Therefore, one of the first characteristics of big data, highly relevant for the social scientist, is their ‘organic’, as opposed to ‘designed’, nature (for social research data). Currently, data are becoming a cheap commodity, simply because society has created systems that automatically track transactions of all sorts. For example, Internet search engines build datasets with every entry; Twitter generates tweet data continuously; traffic cameras digitally count cars; scanners record purchases; Internet sites capture and store mouse clicks. Collectively, human society is assembling massive amounts of behavioural data. If we think of these processes as an ecosystem, it is self-measuring on an increasingly broad scale. Indeed, we might label these data as ‘organic’, a now-natural feature of this ecosystem. Therefore, big data are considered ‘organic’, they are created by different actors in the context not of research, but of producing or delivering goods or services. This is in contrast to ‘designed’ data, those that are collected when we design experiments, questionnaires, focus groups, etc. and that do not exist until they are collected.

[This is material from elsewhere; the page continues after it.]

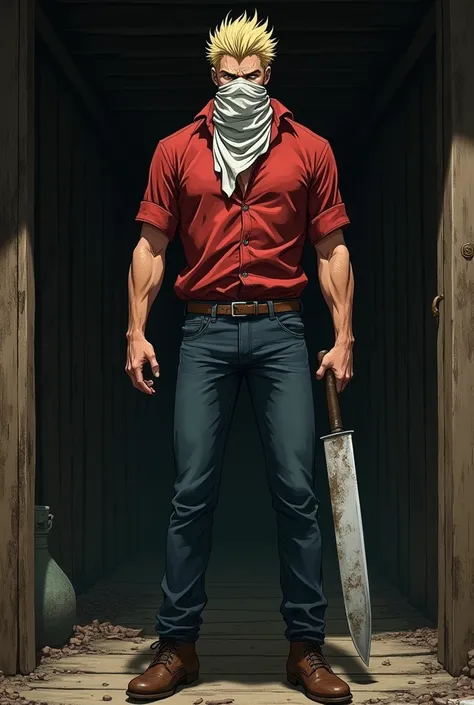 Anime art-style, medium shot of a tall, strong, Very muscular, blond man, with short spyke hair. with a dirty ragged white cloth tied to his face like a mask, covering even his forehead, with holes for his eyes. He is wearing a half-open red button-down sh...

Social scientists are not completely new to this context in the use of data. There is a longstanding tradition of secondary datasets analysis but there are some important differences as well. Secondary data in the social sciences generally indicate the reuse of existing datasets collected either by official institutions or by other researchers (Vartanian, 2011). Although these datasets might not be collected for research purpose (although they often are), they are usually publicly accessible and their methodological features are quite transparent. Some datasets are of very high quality, for example from academic or research institutions as well as governmental organizations; others might be less reliable. Common to big data is the idea of the repurposing of data. Data that were initially collected for other aims are repurposed for new specific research goals set by the secondary analyst. The difference is that, for big data, especially those collected by private companies, the lack of transparency about how the data are collected or coded is a problem that digital social researchers have to face.
Repurposing of data requires a good understanding of the context in which the repurposed data were generated in the first place. In other words, these are not ‘natural’: they are the outcome of designers and socioeconomic processes, therefore created with certain goals and trade-offs. It is about finding a balance between identifying the weaknesses of the repurposed data and, at the same time, finding their strengths. A good practice for social scientists, which applies not only to big data, is to think about the ideal dataset for their research and then compare it with what is available. It will make salient the problems and opportunities of what is available.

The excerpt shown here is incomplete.